夢は確か浅葱色であったが、出口あたりは萌葱色になっていた。一見穏やかな色合いだが、夢魔にありがちな目くらましに違いなかった。かつて初恋の夢の出口には百合が咲いていたが、余りの芳香につい夢から出てしまい後悔したものだった。だが、この夢の出口はもしや入口なのかもしれない。
そんなことを思っていると、突然雨の音がした。辺りを見回したが地面は濡れていない、おかしなことだな、とようやく目を開けると、随分明るくなっていた。

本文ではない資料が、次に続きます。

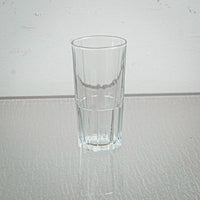 10.6 oz 6pc Glass Cup Set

雨にしては音が小さいので、床より出て窓を開けてみると、銀杏の散る音だった。朝から風が出ているのも珍しかったが、銀杏時雨は思わぬ眼福である。
木つゝきの音や銀杏の散がてら 支考
鳥の姿は見えぬが、木を突っつく音が降り注ぐ銀杏の中に浸透し、空間が広がり続けてゆくようだ。
そんな支考の句景を彷徨っていると、再びまどろんでしまった。
啄木鳥の音はしなくなり、気づけば冷たい雨の中を歩いていた。果たしてこの夢はいつ覚めるのだろうか。
はらはらと敷居に落ちた銀杏が脳裡をよぎった。
傘をとぢ何処ぞの銀杏落ちにけり
※銀杏落葉・銀杏散る……初冬。